◆ **EXERCISE OBJECTIVE**
The pictures are to be left out when the listing below is reproduced word for word.

◆ **SOURCE DATA**

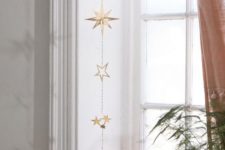 13 a beautiful gold star wall hanging or window hanging will bring a slight celestial touch to your space
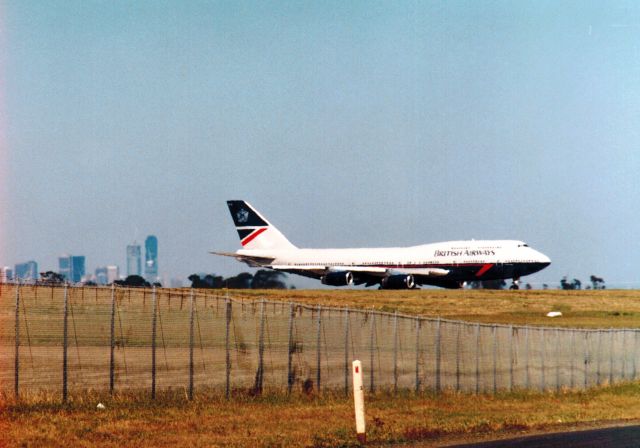 Boeing 747-200 (G-BNLB) - "City of Edinburgh" about to turn onto the main north south runway at Melbourne, late 1989.  Part of the city of Melbourne can be seen in the background through the heat haze. 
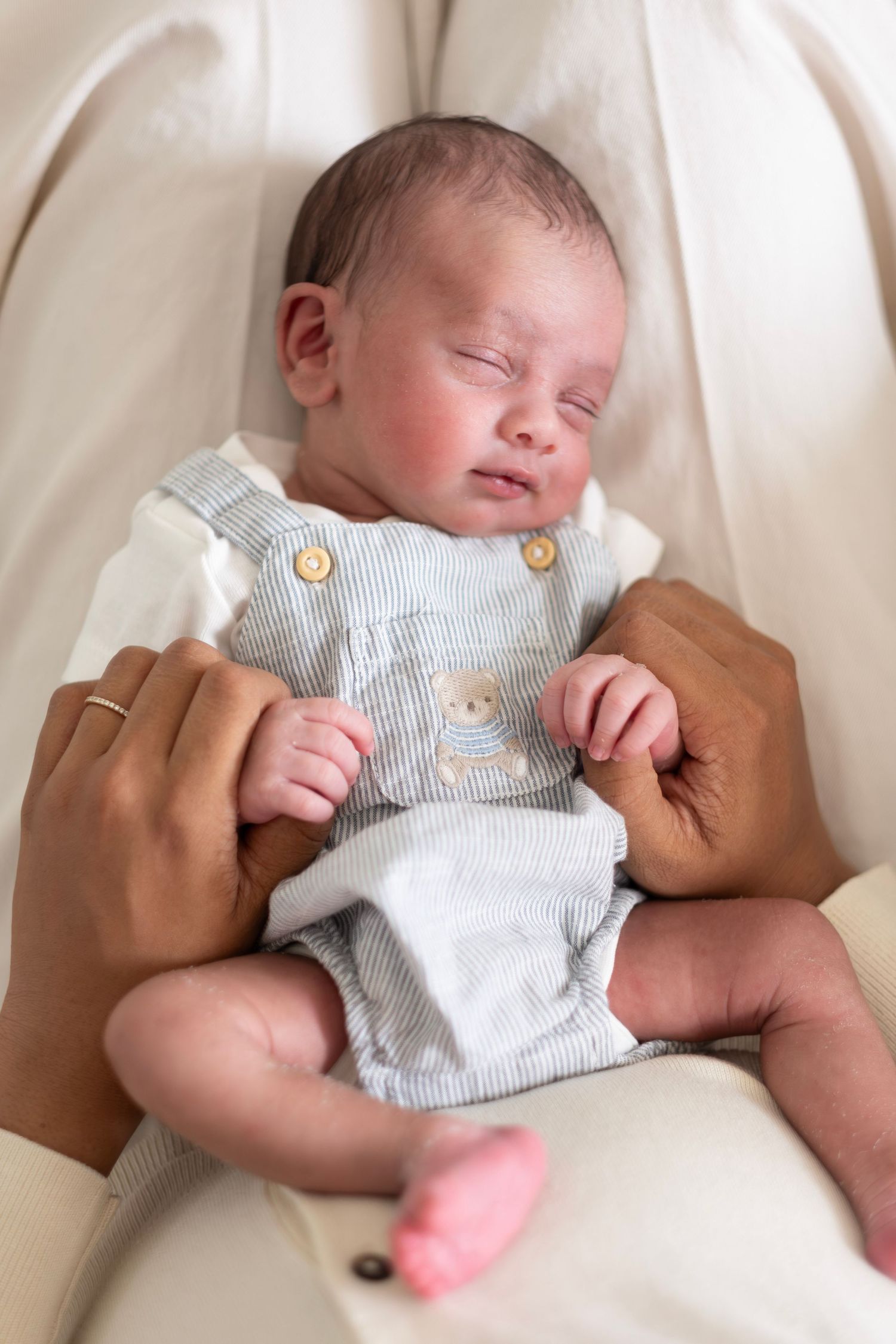 Newborn baby sleeping peacefully in parent's arms wearing a light blue striped romper with bear embroidery.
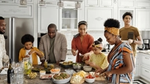 A family is gathered around a kitchen island, preparing a meal.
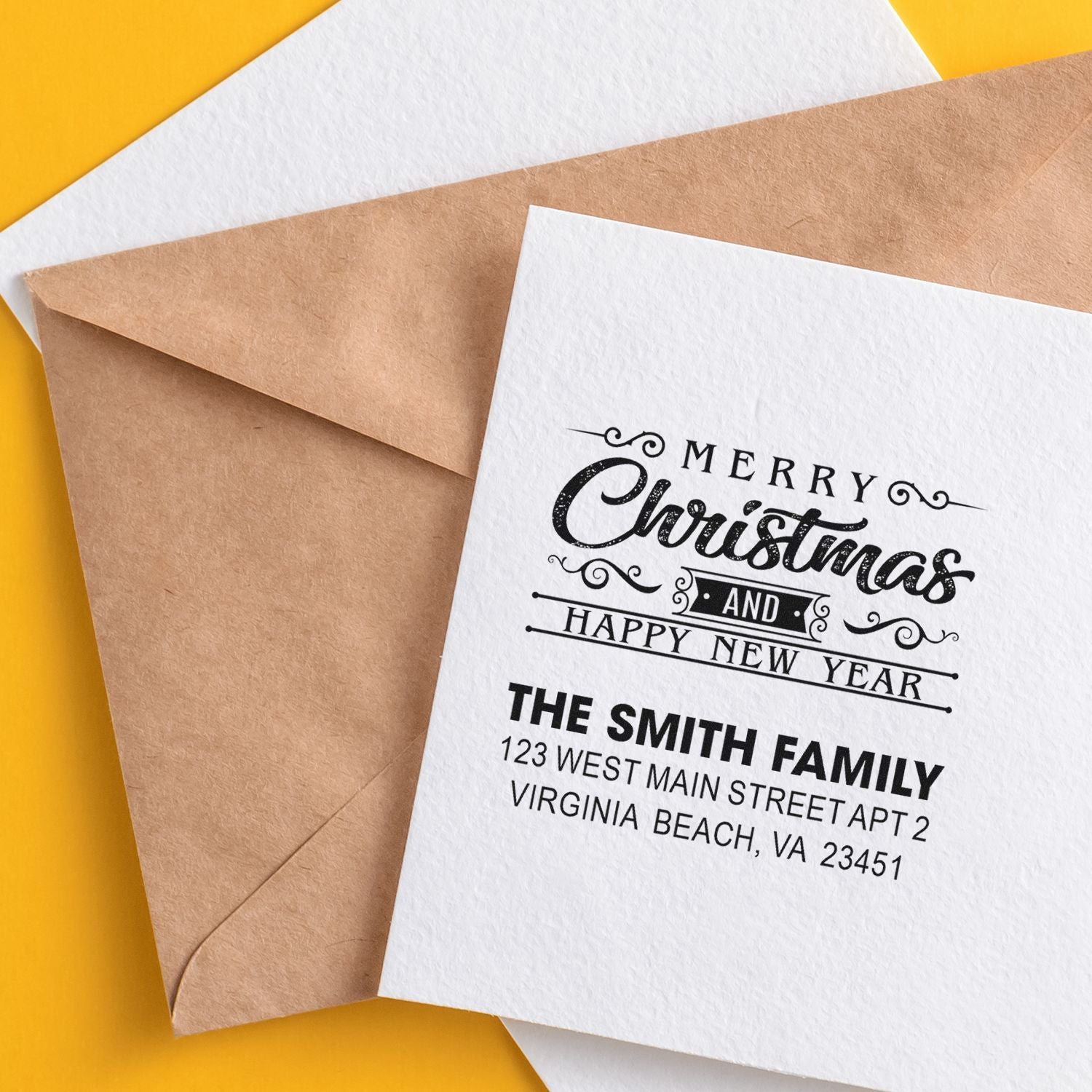 Personalized holiday return address rubber stamp on Christmas card with Merry Christmas and Happy New Year greeting.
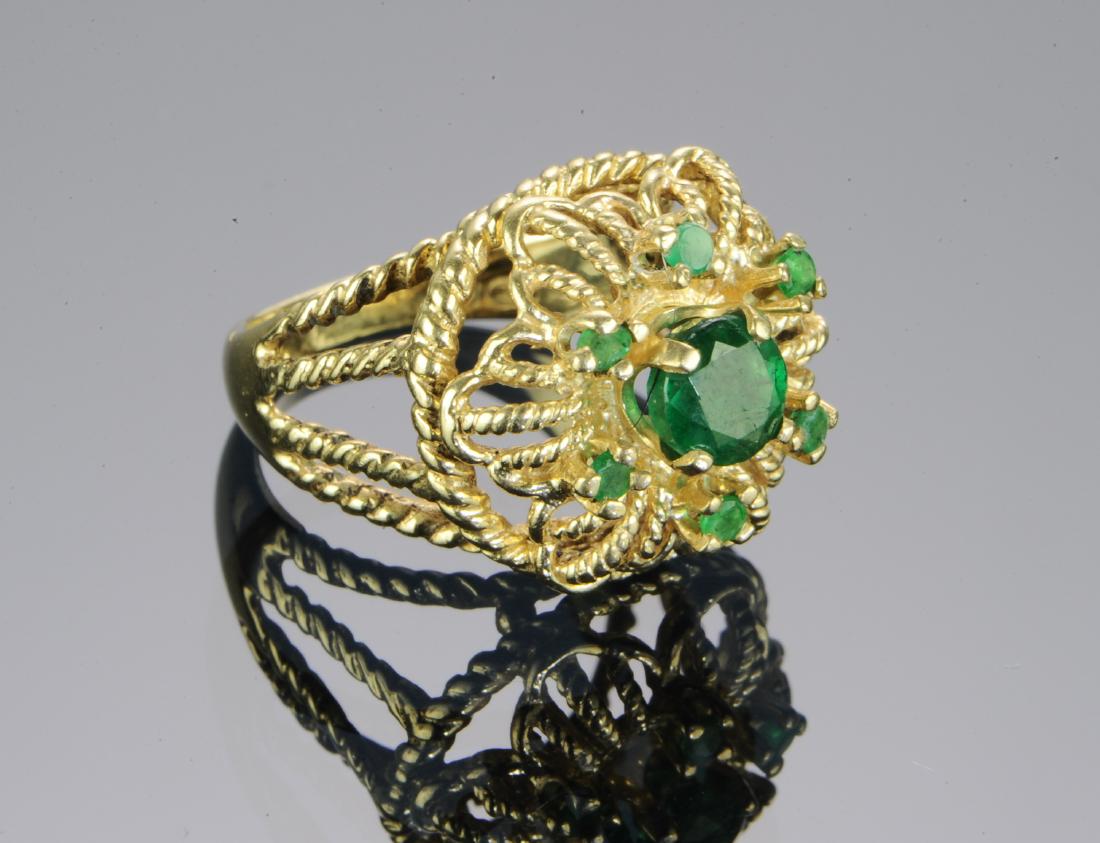 14k Yellow Gold Cocktail Ring with Emeralds: 14k Yellow Gold Cocktail Ring with Emeralds: The rope-form setting with seven, prong set emeralds. Dimensions are: size 6.25, weight: 7.6 g, .24 dwt. All measurements are approximate. Condition: Free 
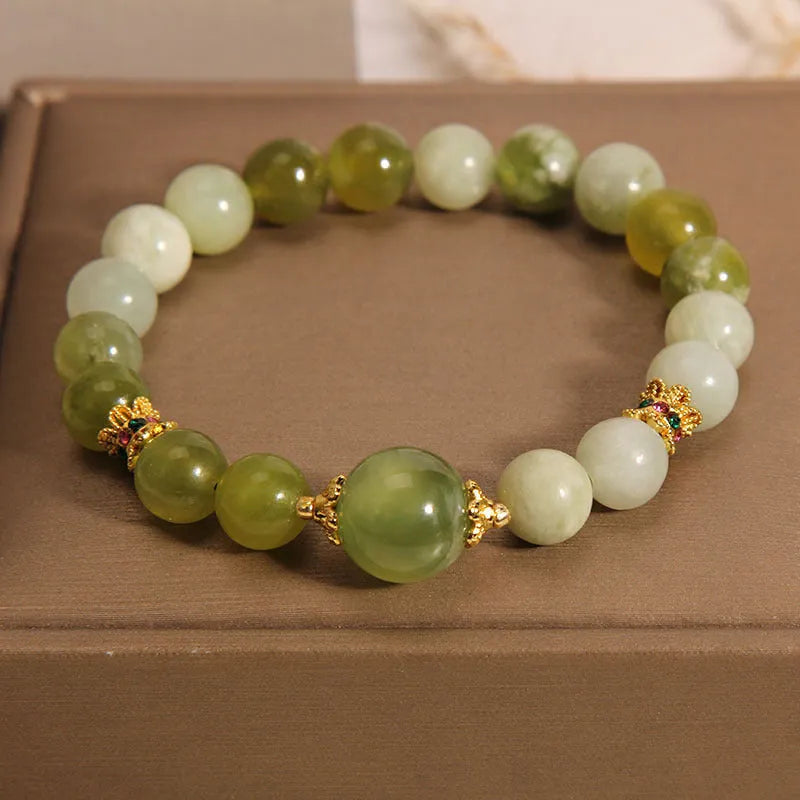 Original design women's bracelet with a green Xiuyan jade stone centrepiece.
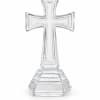 Clear glass cross-shaped decorative stand on a white background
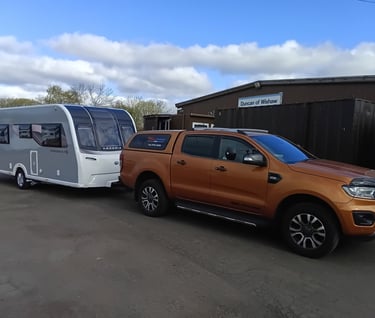 Orange Ford Ranger pickup truck towing a white Bailey Phoenix caravan at Duncan of Wishaw.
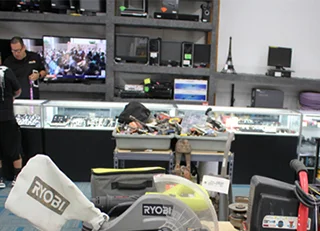 A pawn shop with accessories on display, some electronics displayed behind the counter, 1 staff and a customer, some tools in a table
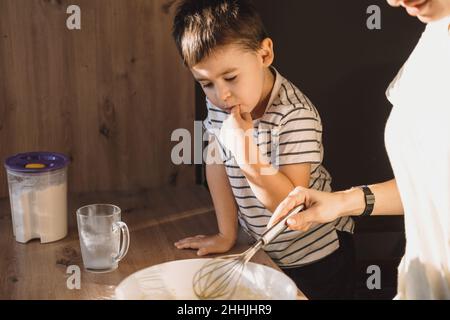 Mother's hands mixing ingredients for dough with son at modern kitchen. Parent helping child. Family weekend. Stock Photo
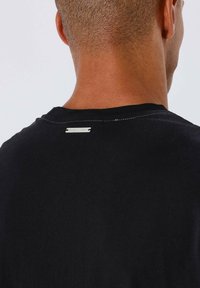 Camiseta de algodón negra con cuello redondo, que presenta una etiqueta plateada en la parte posterior del escote y una sutil textura en la tela.
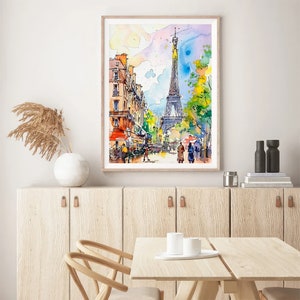 Puede incluir: Una pintura de acuarela de la Torre Eiffel en Par&iacute;s, Francia. La pintura muestra la torre en la distancia con edificios y &aacute;rboles en primer plano. La pintura est&aacute; enmarcada en un marco de madera claro.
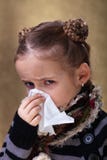Little girl in flu season - blowing nose royalty free stock photos Little girl in flu season - blowing nose royalty free stock photos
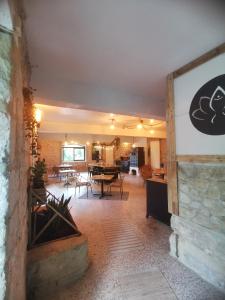 a living room with a table and a dining room at Moulin de Monpoisson in Le Puy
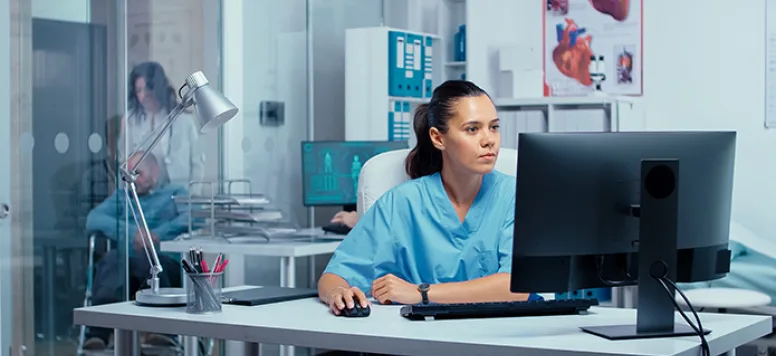 Nurse sits at desk looking at her computer while a patient sits in a wheelchair in the background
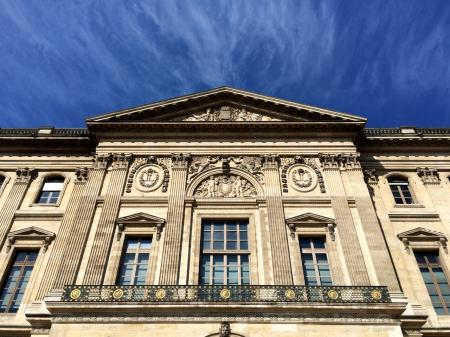 White Painted Building Under Blue Skies during Daytime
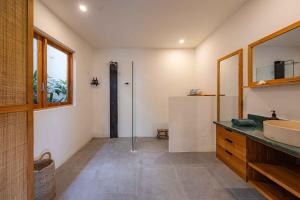 a bathroom with a sink and a mirror at Villa Rice - Amazing Rice-Field VIEW 3BR Villa 9px Next To Canggu in Kerobokan +62 photos
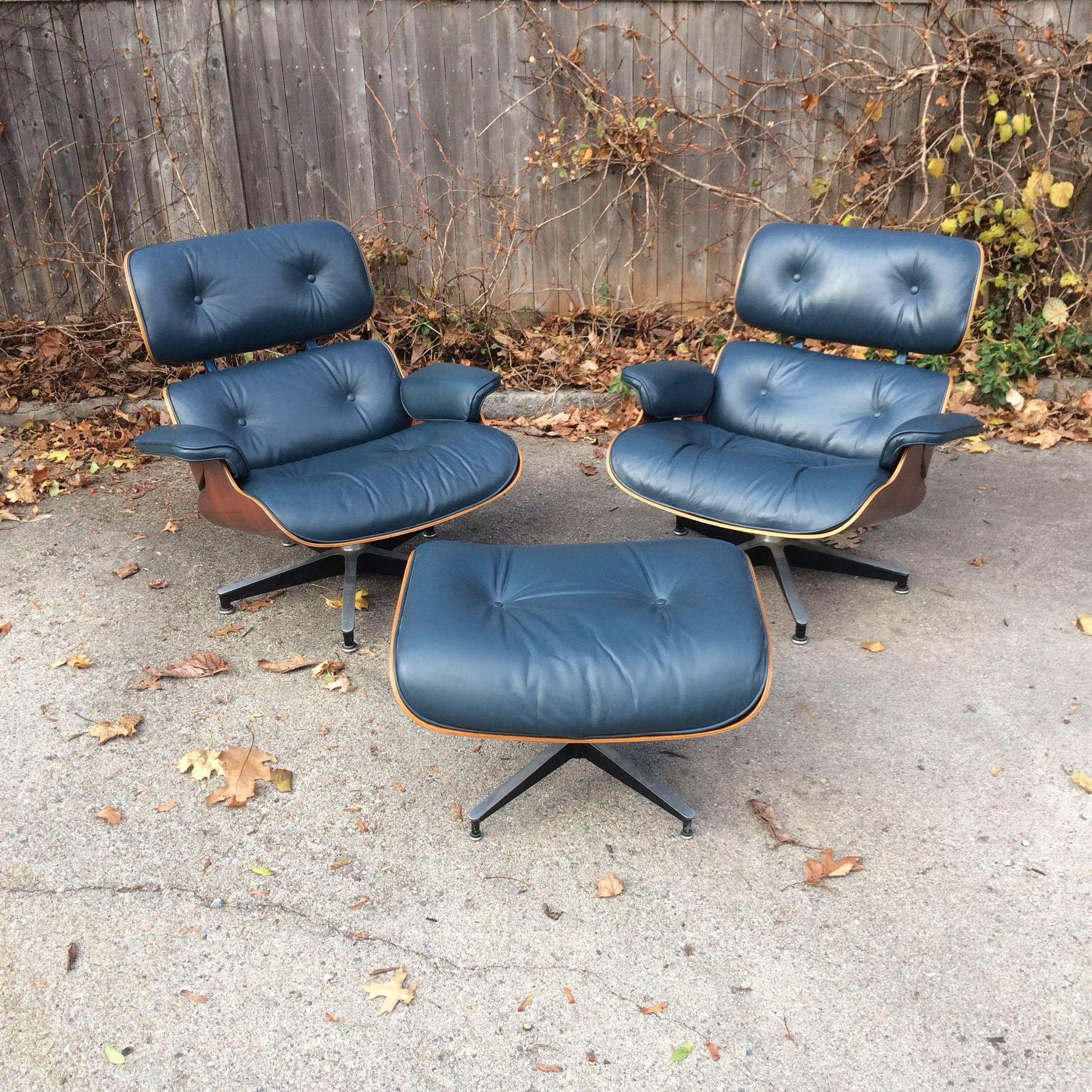 1970s Herman Miller Eames lounge set. Two chairs and one ottoman in custom blue leather and Brazilian rosewood. The shells on the chair have been beautifully restored. The leather is original and perfect. Foam cushions with rectangular clips. Both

◆ **OUTPUT OF THE TASK**
 13 a beautiful gold star wall hanging or window hanging will bring a slight celestial touch to your space
 Boeing 747-200 (G-BNLB) - "City of Edinburgh" about to turn onto the main north south runway at Melbourne, late 1989.  Part of the city of Melbourne can be seen in the background through the heat haze. 
 Newborn baby sleeping peacefully in parent's arms wearing a light blue striped romper with bear embroidery.
 A family is gathered around a kitchen island, preparing a meal.
 Personalized holiday return address rubber stamp on Christmas card with Merry Christmas and Happy New Year greeting.
 14k Yellow Gold Cocktail Ring with Emeralds: 14k Yellow Gold Cocktail Ring with Emeralds: The rope-form setting with seven, prong set emeralds. Dimensions are: size 6.25, weight: 7.6 g, .24 dwt. All measurements are approximate. Condition: Free 
 Original design women's bracelet with a green Xiuyan jade stone centrepiece.
 Clear glass cross-shaped decorative stand on a white background
 Orange Ford Ranger pickup truck towing a white Bailey Phoenix caravan at Duncan of Wishaw.
 A pawn shop with accessories on display, some electronics displayed behind the counter, 1 staff and a customer, some tools in a table
 Mother's hands mixing ingredients for dough with son at modern kitchen. Parent helping child. Family weekend. Stock Photo
 Camiseta de algodón negra con cuello redondo, que presenta una etiqueta plateada en la parte posterior del escote y una sutil textura en la tela.
 Puede incluir: Una pintura de acuarela de la Torre Eiffel en Par&iacute;s, Francia. La pintura muestra la torre en la distancia con edificios y &aacute;rboles en primer plano. La pintura est&aacute; enmarcada en un marco de madera claro.
Little girl in flu season - blowing nose royalty free stock photos Little girl in flu season - blowing nose royalty free stock photos
 a living room with a table and a dining room at Moulin de Monpoisson in Le Puy
 Nurse sits at desk looking at her computer while a patient sits in a wheelchair in the background
 White Painted Building Under Blue Skies during Daytime
 a bathroom with a sink and a mirror at Villa Rice - Amazing Rice-Field VIEW 3BR Villa 9px Next To Canggu in Kerobokan +62 photos
 1970s Herman Miller Eames lounge set. Two chairs and one ottoman in custom blue leather and Brazilian rosewood. The shells on the chair have been beautifully restored. The leather is original and perfect. Foam cushions with rectangular clips. Both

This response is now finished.